Por otro lado, también hay gente que no ha participado en ninguna batalla. Gente sincera como Shin. Cuando constato este hecho, no puedo dejar de pensar que soy una auténtica inútil. Soy una chica mala. Shin es el hermano menor de Junji y tiene la misma edad que yo. ¿Cómo puede ser tan buena persona? De todos mis familiares, no, de toda la gente que conozco en el mundo, Shin es sin duda quien mejor me cae. Shin es ciego. ¡Qué tragedia perder la luz de los ojos a una edad tan temprana! En las noches serenas como hoy, estando solo en su habitación, ¿cómo se sentirá?

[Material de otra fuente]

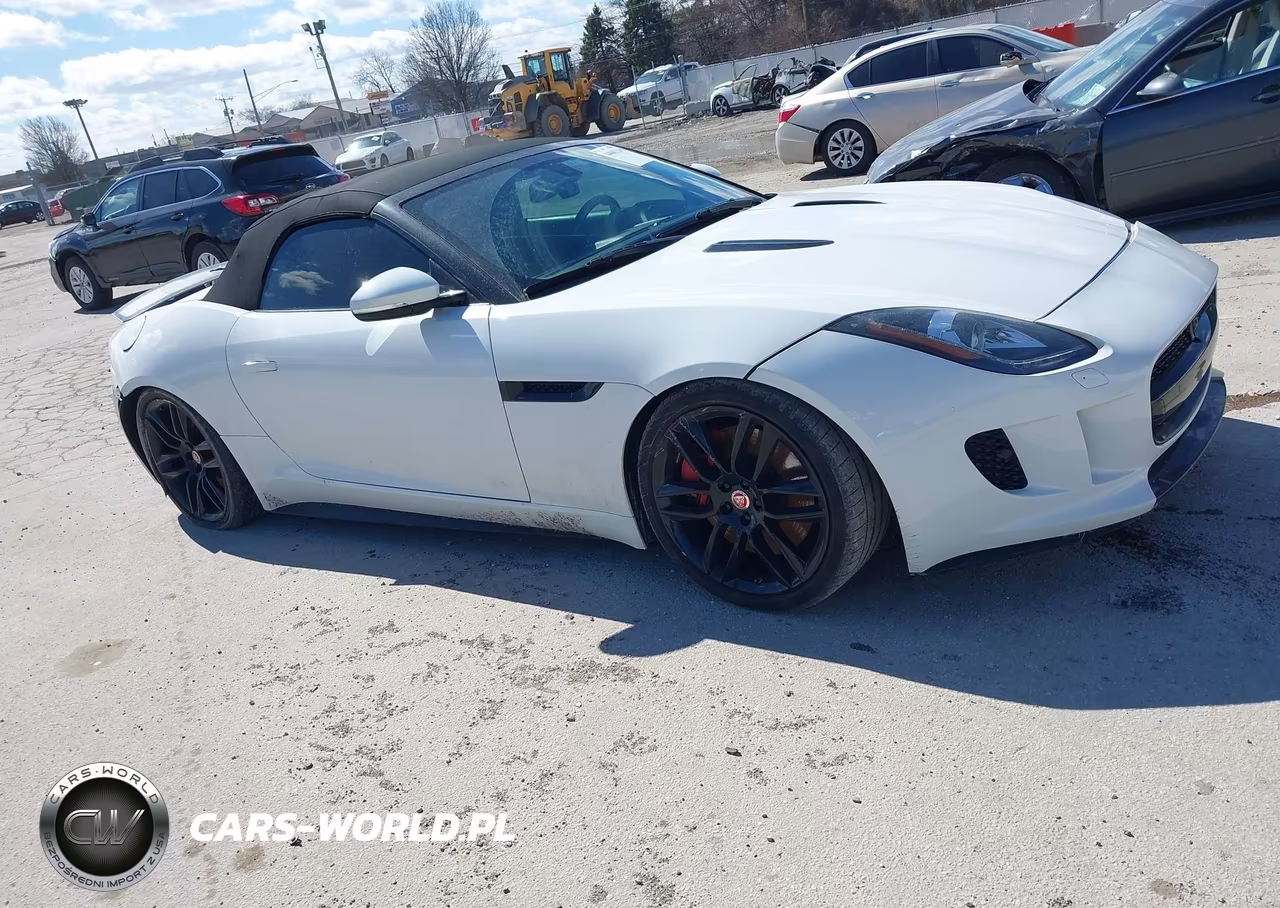 2014 Jaguar F-Type V8 S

En nuestro caso, aunque estemos tristes, siempre podemos distraernos leyendo un libro o contemplando el paisaje, pero Shin no puede hacer nada de eso. Tan solo puede aguantar su tristeza en silencio. Hasta hace poco, se esforzaba mucho en los estudios, era bueno jugando al tenis y nadaba bastante bien, pero ahora ¿cómo serán su soledad y su sufrimiento? Anoche, también pensando en Shin, me quedé cinco minutos con los ojos cerrados al acostarme. Aunque estuviese dentro de la cama, aquellos cinco minutos con los ojos cerrados se me hicieron eternos y sentí como si me estuviese ahogando. Shin ya no podrá ver nunca nada, ni por la mañana, ni por la tarde, ni por la noche. Nunca. Me gustaría que se sincerase conmigo y me contase qué le molesta. Me gustaría que se enfadase alguna vez o que se comportase de un modo más egoísta. Pero Shin nunca dice nada. Nunca lo he escuchado hablar mal de nadie ni quejarse. Además, siempre habla de forma muy pausada y utiliza un lenguaje muy positivo. Este tipo de cosas hacen que me estremezca.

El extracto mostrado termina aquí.